LE MUSICIEN-COMPOSITEUR FARID AOUAMEUR À L’EXPRESSION

«La musique s’est imposée à moi»

04 Août 2010 - Page : 20

Comme pas mal d’artistes, Farid Aouameur a commencé par la musique andalouse pour se diriger après vers d’autres univers plus personnels et, explorer sa voie intérieure. Aujourd’hui, artiste prolixe et multiforme, il se dévoile à nous, ici, dans toute son authenticité. Il a récemment signé la composition musicale du film Les Palmiers blessés de Abdelatif Benamar. La musique de film, sa passion secrète depuis toujours. Ecoutons-le..

L’Expression: Pourriez-vous nous parler du travail entrepris pour la composition musicale du film Les Palmiers blessés de Abdellatif Benamar?
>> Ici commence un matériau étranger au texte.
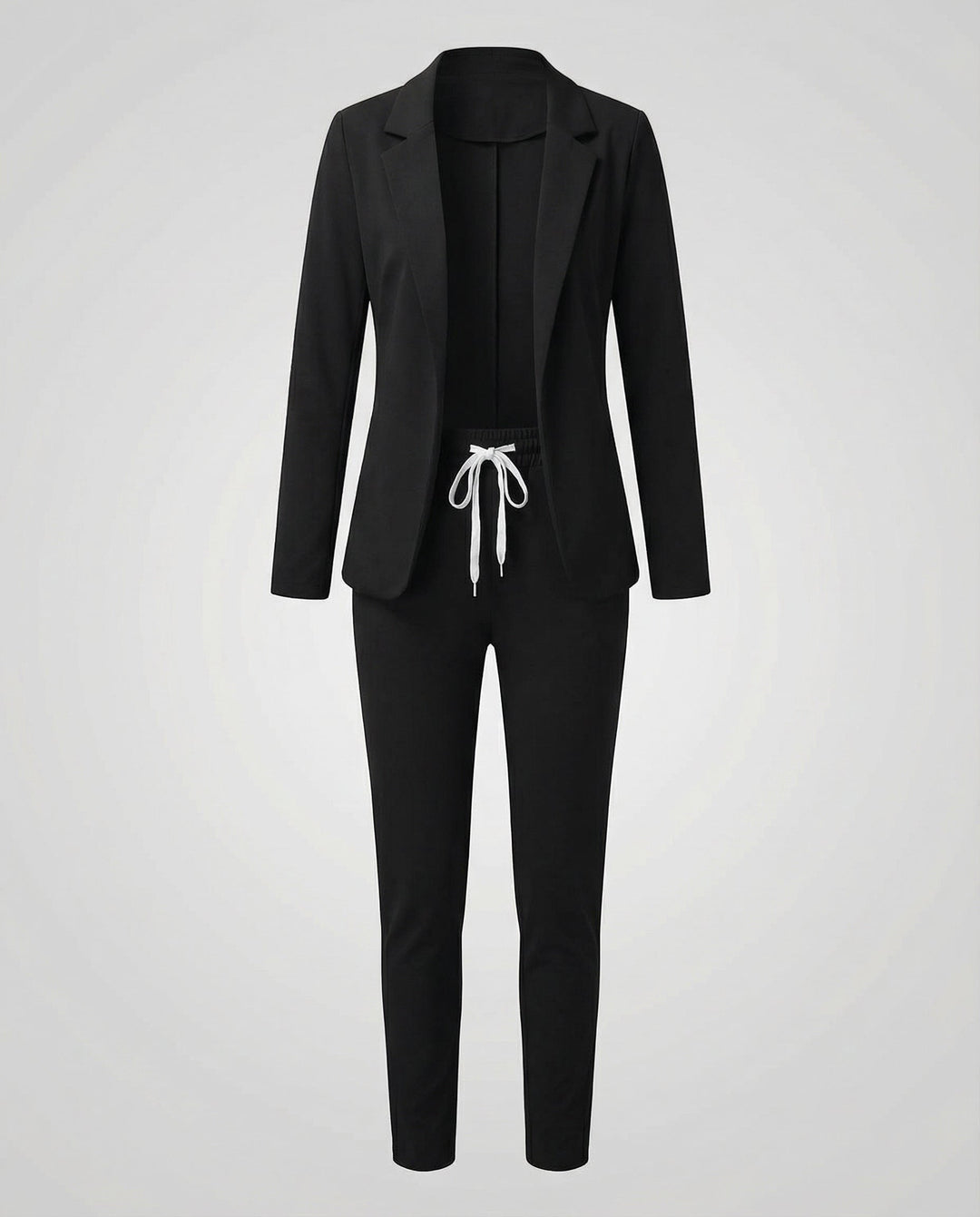 Elegantes Damen Blazer Hosen Set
Farid Aouameur: Cette musique de film est une belle étape dans mon parcours. Depuis quelques années, j’écris des spectacles en commençant par le concept et en finissant par le moindre des détails techniques. Cette écriture m’a donné un recul par rapport à la musique et je crois que j’ai appris l’importance d’écrire la musique la plus «juste» possible. Donc, ce film vient à un moment où j’ai capitalisé pas mal d’expérience en ce qui concerne le rapport du son (en général et la musique en particulier) et l’image. Je ne me suis pas positionné dans ce film comme un «fabricant de mélodies» pour «entraîner» le spectateur dans les émotions de premier degré. D’ailleurs, ce genre du rapport avec ceux qui écoutent ma musique ne m’intéresse pas. Ce qui m’intéresse, c’est susciter un questionnement - chez moi et les autres - qui amène en général une exploration de tous les possibles. C’est pour ça que j’ai choisi la voie de l’art. Pour en revenir au film, je dirais que d’une façon générale, M.Abdellatif Benamar m’a appris à aller encore plus loin dans l’exploration du potentiel d’un travail artistique. J’ai été très touché par sa capacité à gérer ses incertitudes de scénariste et de réalisateur. Pendant un an, nous nous sommes questionnés sur la guerre, les héros, les traîtres, l’histoire et la mémoire...Ces questionnements me semblaient fondamentaux, car comment écrire la musique sans aller dans les profondeurs des racines de ces «palmiers blessés?» Tout ça pour vous dire que le travail entrepris pour la composition de cette musique a été pour moi à 70% un travail psychologique sur moi-même, et 30% un travail de technique purement musicale. J’aimerai bien que les gens comprennent à quel point une oeuvre artistique nous coûte en énergie et en remise en question...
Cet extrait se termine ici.